Would you return exactly the lines below from the line with "Used 2023 Tesla Model Y Performance image 15" through the line with "Used Toyota Hilux", both included, and nothing else, leaving out the pictures?

Data for analysis START

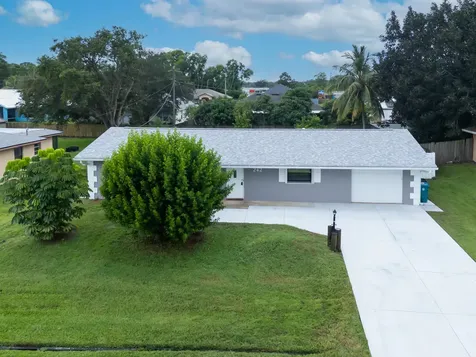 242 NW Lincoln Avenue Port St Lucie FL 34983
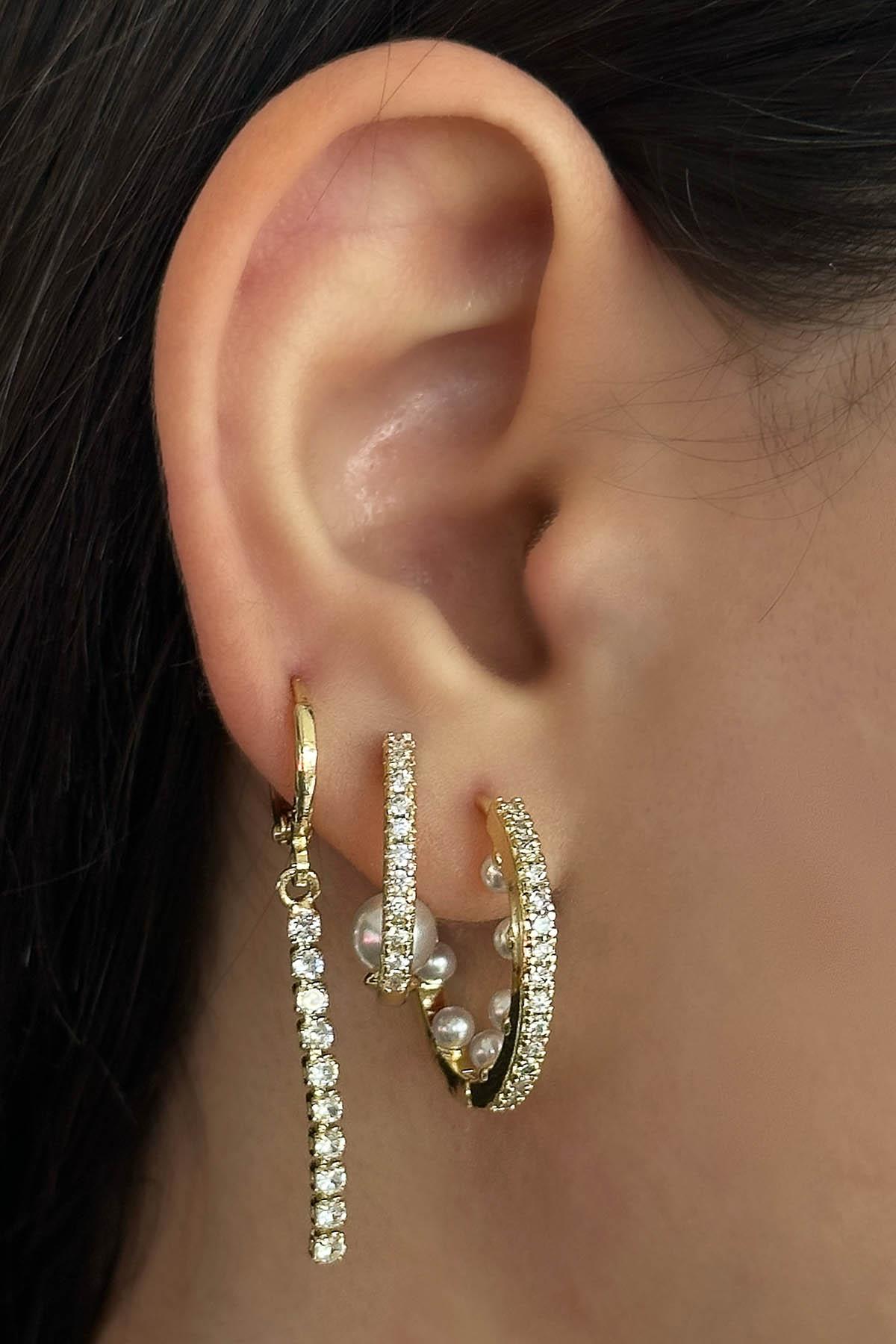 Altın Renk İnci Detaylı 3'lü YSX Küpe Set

Data for analysis END
Data for analysis START

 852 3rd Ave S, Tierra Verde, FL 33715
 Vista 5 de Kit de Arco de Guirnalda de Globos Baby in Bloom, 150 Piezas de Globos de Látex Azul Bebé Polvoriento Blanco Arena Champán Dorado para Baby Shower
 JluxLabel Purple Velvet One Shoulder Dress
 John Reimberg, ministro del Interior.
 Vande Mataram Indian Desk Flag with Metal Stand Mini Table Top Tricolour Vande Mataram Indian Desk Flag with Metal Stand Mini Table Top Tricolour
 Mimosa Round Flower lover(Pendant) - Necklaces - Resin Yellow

Data for analysis END
Data for analysis START

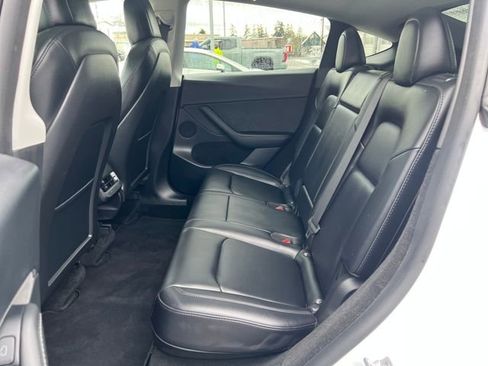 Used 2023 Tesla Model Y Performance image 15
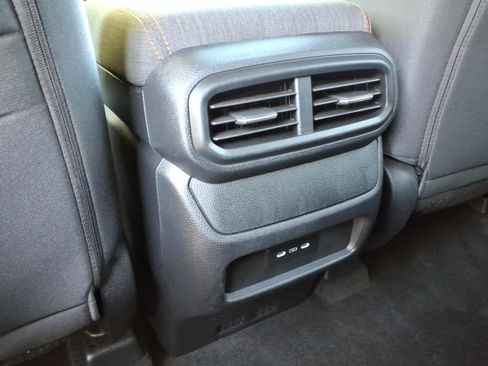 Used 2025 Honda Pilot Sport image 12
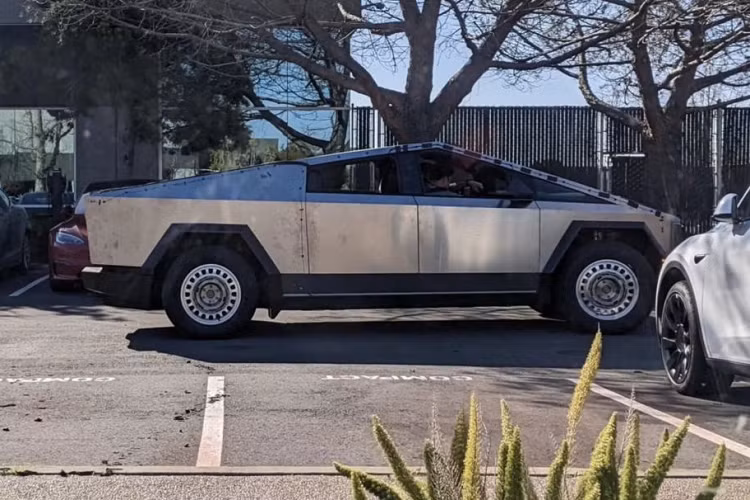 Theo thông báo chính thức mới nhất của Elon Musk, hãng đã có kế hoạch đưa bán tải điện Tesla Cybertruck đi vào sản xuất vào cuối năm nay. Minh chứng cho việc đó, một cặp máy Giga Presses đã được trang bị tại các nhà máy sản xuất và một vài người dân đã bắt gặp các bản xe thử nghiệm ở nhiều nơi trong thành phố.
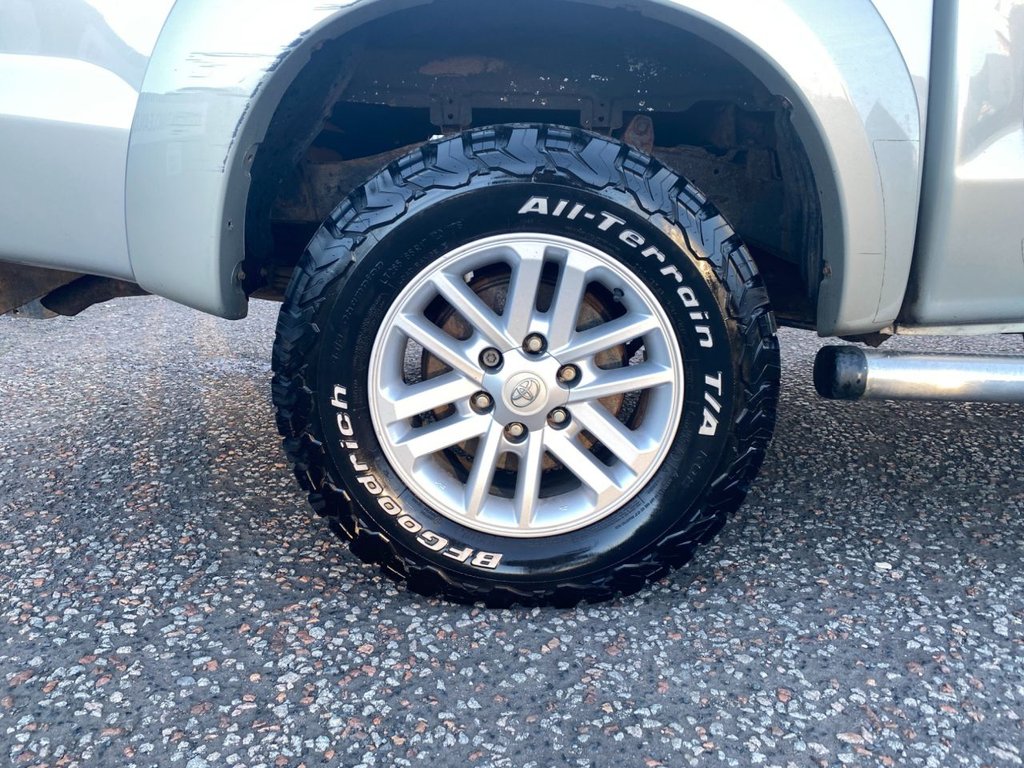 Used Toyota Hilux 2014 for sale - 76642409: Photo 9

Data for analysis END

▸ **Result for this task**
 Used 2023 Tesla Model Y Performance image 15
 Used 2025 Honda Pilot Sport image 12
 Theo thông báo chính thức mới nhất của Elon Musk, hãng đã có kế hoạch đưa bán tải điện Tesla Cybertruck đi vào sản xuất vào cuối năm nay. Minh chứng cho việc đó, một cặp máy Giga Presses đã được trang bị tại các nhà máy sản xuất và một vài người dân đã bắt gặp các bản xe thử nghiệm ở nhiều nơi trong thành phố.
 Used Toyota Hilux 2014 for sale - 76642409: Photo 9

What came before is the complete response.